Headline of the Day: “Will Malcolm Smith accept Bitcoins?”
The New York Times followed Speaker Melissa Mark-Viverito in the wake of the East Harlem explosion: “‘It’s hard, it’s hard,’ she said, in a quiet voice. ‘It’s not like you want to blame anybody, but you have to say, ‘Look, if you smell something, you’ve got to report it.’’ ‘It’s a big city,’ she went on. ‘We can’t —’ She drove off, the sentence incomplete.”
The Nation took a critical eye towards Eva Moskowitz and the charter school movement. “Since the Brooklyn Bridge rally I find myself in fundamental opposition to what they’re doing,” said one Success Academy teacher. “It’s never been as political as it been now. If this continues going this way it will be very hard for me to stay,” said another.
The New York Post editorial board “thanked” Mayor Bill de Blasio for working against charter schools, which the paper says only emboldened Albany charter advocates to save them: “New York owes Bill de Blasio a thank you. In trying to squash charter schools, he might just have made them stronger.”
Of course, things can still shift around substantially as the two chambers of the legislature and Gov. Andrew Cuomo negotiate the actual budget over the next two weeks. Assembly Speaker Shelly Silver has already panned the charter proposal. “Things in Albany have a way of looking settled,” a senior state official told New York magazine recently, “until they’re not.”
Later today, education advocates are set to rally against Mr. Cuomo and the State Senate for wanting to take co-location decisions away from the mayor. “This is a clear Quid Pro Cuomo with charter school lobbyists who are bankrolling the Governor’s re-election campaign,” said Zakiyah Ansari, Advocacy Director of the Alliance for Quality Education.

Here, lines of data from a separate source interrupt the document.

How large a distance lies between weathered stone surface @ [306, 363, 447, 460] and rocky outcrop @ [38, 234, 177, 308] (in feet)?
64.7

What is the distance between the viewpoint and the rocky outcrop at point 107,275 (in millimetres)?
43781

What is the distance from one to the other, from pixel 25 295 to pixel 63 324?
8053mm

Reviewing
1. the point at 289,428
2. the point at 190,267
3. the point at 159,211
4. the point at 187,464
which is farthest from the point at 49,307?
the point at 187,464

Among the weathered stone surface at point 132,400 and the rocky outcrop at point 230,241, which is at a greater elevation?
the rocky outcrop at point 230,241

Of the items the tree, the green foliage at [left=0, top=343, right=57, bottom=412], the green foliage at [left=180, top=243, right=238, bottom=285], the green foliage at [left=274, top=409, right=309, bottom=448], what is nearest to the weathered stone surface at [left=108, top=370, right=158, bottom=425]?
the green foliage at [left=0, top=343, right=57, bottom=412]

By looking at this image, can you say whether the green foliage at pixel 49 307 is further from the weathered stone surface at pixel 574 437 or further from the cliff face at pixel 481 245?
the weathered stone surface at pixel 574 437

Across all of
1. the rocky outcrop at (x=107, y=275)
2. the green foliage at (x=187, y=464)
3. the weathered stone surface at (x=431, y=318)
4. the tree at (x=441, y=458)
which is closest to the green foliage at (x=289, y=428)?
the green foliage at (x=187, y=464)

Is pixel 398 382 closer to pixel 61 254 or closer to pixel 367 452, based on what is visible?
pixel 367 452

In the Post, former Assemblyman Michael Benjamin railed against Ms. Ansari, arguing Mr. de Blasio “should close the rhetoric gap and focus on cooperative ways to improve educational outcomes for all New York City students. Students and parents are ill-served by an education debate beset by adult gamesmanship, hidden relationships and misinformation.”
While in The Huffington Post, United NY’s Camille Rivera railed against Ms. Moskowitz, who “decided to invade Albany and turn it all into a gigantic sideshow. Eighteen other charter school operators wanted nothing to do with her circus-like rally and have been distancing themselves from her.”

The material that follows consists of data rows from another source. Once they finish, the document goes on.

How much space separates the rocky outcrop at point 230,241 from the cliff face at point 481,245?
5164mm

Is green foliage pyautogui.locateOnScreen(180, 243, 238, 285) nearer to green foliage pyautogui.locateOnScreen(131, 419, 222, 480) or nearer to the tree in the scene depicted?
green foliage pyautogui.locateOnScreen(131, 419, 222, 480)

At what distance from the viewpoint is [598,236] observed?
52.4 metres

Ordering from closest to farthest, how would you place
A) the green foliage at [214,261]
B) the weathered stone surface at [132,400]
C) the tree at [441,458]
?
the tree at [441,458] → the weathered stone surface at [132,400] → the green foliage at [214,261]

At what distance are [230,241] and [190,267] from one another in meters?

And Assemblyman Bill Colton reached out to the Observer late last night to explain why he isn’t getting behind Domenic Recchia‘s congressional campaign just yet:
“As a local Assemblyman and voter in the 11th Congressional District of New York, I am still waiting for a substantive discussion between the announced candidates on the needs and the future of the district. Thus far, voters, including me, have had to deal with distractions ranging from bar activities, reporter intimidation, the Brooklyn residence of the former Councilman, talk of packing punches and sizing up opponents, the neutrality of a local Assemblyman, and a back and forth on who did more during Sandy. What I, and many other voters, am waiting for is a substantive plan, with a track record to support it, to involve federal agencies to help stop the building of a dangerous garbage station in Southwest Brooklyn, cut bureaucratic red tape to get Sandy recovery dollars to reach impacted families and communities, to see federal dollars be used to address our antiquated infrastructure, to use federal aid to expand healthcare services in the outer-boroughs, and to see federal officials take aggressive stands against senseless school co-locations that will harm our children. Those are the issues I am closely following and care about. My endorsement is something I take serious because it bears my name on a person or an idea I strongly believe in and am informed about. I refuse to be influenced by party affiliation alone or the power of incumbency when making such an important decision. The voters expect and deserve more. The voters of the district have not been given a fair opportunity to be informed on the platforms of these candidates to help address the pressing issues of our day. Ultimately, voters who may have lost their homes due to Sandy could care less about the neutrality of an Assemblyman, but rather care more about a plan to help them rebuild their homes, communities, and lives. This race is not about the candidates running and not about my position on them. Public service is about serving families, addressing their needs, and caring for their future. Until we hear more about that and less about pettiness, I will continue to reserve my endorsement in this race.”